Without any errors to work with it's impossible to say really. I assume nothing was shown on the console?
-
@stephenw10 Well, at the same time as I set up the permanent console I also disabled the HA pfSense integration. As there haven't been any issues since there is nothing to see on the console (or in the logs). I'm not sure I want to risk enabling the integration again as stability is paramount for me.
-
Hmm, I don't use Home Assistant here so I can't test it. Maybe you can replicate it on a test instance?
-
@stephenw10 The thing is that the issue affects my Netgate device, of which I only have one, nor Home Assistant. So using a test HA instance won't really help (if that is what you meant). I don't really have any easy way to spin up a test pfSense+ instance. Personally I will live without the HA integration for now as, while nice, it is not critical for me. Maybe someone else will run into the issue and be able to capture diagnostics etc.
-
I could probably test this. @ChrisJenk, can you give me an idea of where you got the integration (I don't see one in the standard distribution), and how it is configured?
-
@dennypage It's from the Home Assistant Community Store (HACS). Info here:
https://github.com/travisghansen/hass-pfsense
I created a dedicated pfSense user for it to use and gave it the credentials for that user.
There isn't much to configure; I just has the default set of enabled sensors and metrics. I wasn't using any of the control functions.
My suspicion is that over time (takes many days, perhaps weeks) the frequent polling either causes some kind of resource leak (though nothing was obvious; memory and CPU were fine) or some corner case concurrency issue causes some kind of lock up. Each time my Netgate unit locked up it was not even responding to pings, so it was a pretty hard lock up.
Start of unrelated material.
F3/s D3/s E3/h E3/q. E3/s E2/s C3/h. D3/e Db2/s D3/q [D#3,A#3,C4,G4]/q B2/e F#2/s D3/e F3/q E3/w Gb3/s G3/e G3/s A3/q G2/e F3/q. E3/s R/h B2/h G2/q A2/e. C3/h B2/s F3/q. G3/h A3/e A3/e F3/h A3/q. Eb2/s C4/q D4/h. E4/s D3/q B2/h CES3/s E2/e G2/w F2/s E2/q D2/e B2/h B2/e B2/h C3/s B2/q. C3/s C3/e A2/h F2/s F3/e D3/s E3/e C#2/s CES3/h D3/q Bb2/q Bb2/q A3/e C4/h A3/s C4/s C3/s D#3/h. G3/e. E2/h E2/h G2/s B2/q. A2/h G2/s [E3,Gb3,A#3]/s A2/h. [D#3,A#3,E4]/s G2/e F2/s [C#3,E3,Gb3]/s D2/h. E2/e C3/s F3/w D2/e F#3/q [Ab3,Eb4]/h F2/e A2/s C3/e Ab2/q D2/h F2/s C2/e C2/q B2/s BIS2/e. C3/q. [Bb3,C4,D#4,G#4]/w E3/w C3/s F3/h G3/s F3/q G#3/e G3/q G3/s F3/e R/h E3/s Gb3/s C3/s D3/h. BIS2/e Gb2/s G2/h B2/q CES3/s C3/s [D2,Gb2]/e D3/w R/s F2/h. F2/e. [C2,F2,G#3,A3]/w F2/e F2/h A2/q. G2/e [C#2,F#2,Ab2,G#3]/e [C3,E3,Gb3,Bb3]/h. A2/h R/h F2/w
Since disabling the integration and blocking its access to pfSense (I locked the user) I haven't had the issue. Not conclusive proof but somewhat suspicious.
-
@ChrisJenk said in Netgate 6100 unstable since upgrade to 26.03:
I just has the default set of enabled sensors and metrics.
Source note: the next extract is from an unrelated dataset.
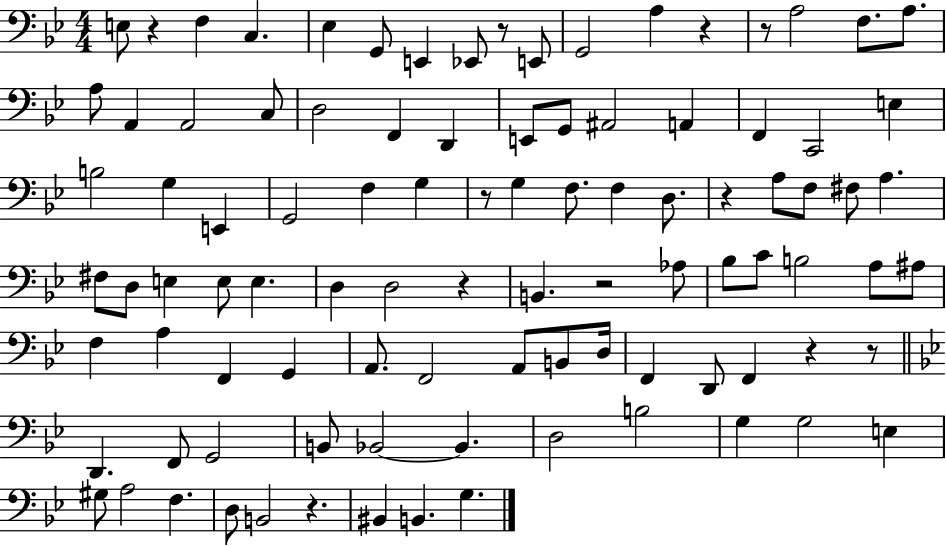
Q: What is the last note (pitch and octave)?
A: G3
Just to be sure I understand, you didn't change (enable/disable) any of the controls or sensors? Everything in Home Assistant is still at defaults?
I have it up and running with defaults against one of my pfSense VMs.
-
Nice. I guess watch for memory leaks somewhere.
-
@dennypage I can't recall if I enabled any additional sensors but here is a list pf all the pfSense integration entities that were enabled on my system when the problem was occurring.
I'd be surprised if it were a memory leak since one of the things the integration monitors is memory usage and it was always very stable at 10-11%.

-
@ChrisJenk said in Netgate 6100 unstable since upgrade to 26.03:
I can't recall if I enabled any additional sensors but here is a list pf all the pfSense integration entities that were enabled on my system when the problem was occurring.
Okay, thanks. Looks like you had all the excess filesystems turned off, but otherwise it looks like default.
One thing, the last entity on the list (the one entitled "Update")... I assume that a HACS specific thing? I don't use HACS, so I just want to be sure.